- **WHAT NEEDS TO BE DONE**:
Below are records to print word for word; include none of their pictures.

──────

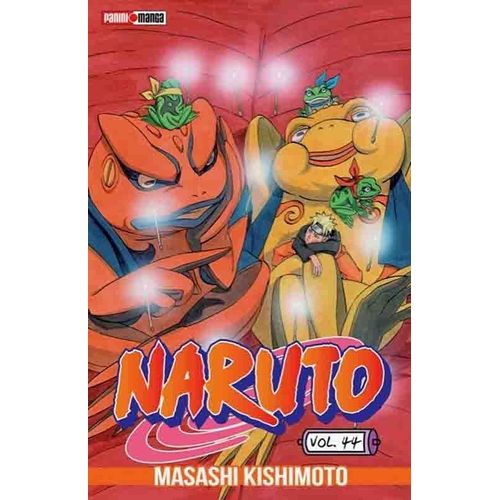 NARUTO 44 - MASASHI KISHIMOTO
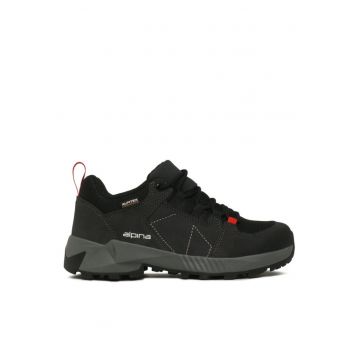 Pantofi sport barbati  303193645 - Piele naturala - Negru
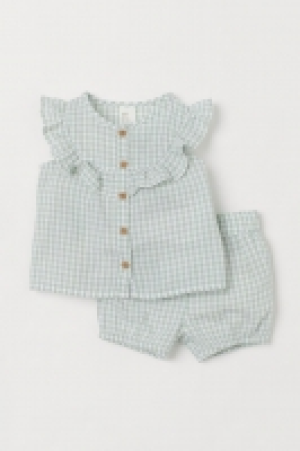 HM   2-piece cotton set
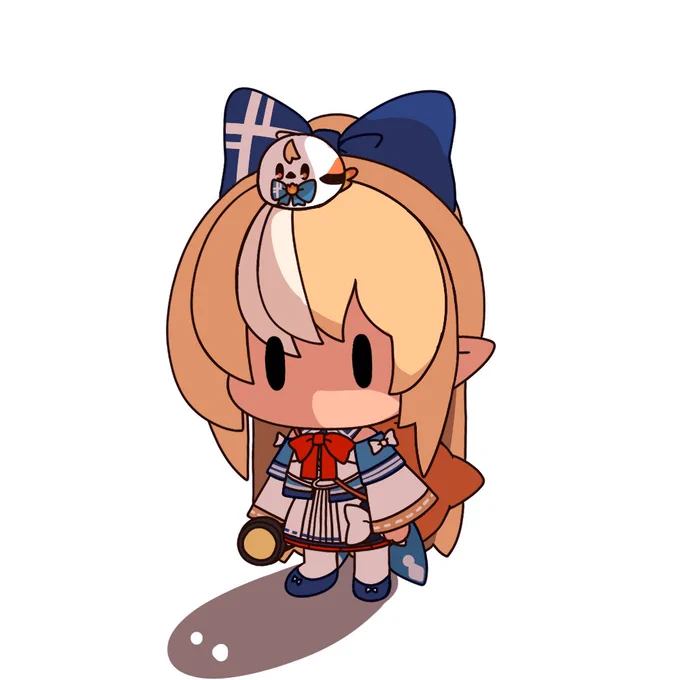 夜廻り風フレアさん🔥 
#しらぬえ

──────

- **PROBLEM SOLUTION**:
 NARUTO 44 - MASASHI KISHIMOTO
 Pantofi sport barbati  303193645 - Piele naturala - Negru
 HM   2-piece cotton set
 夜廻り風フレアさん🔥 
#しらぬえ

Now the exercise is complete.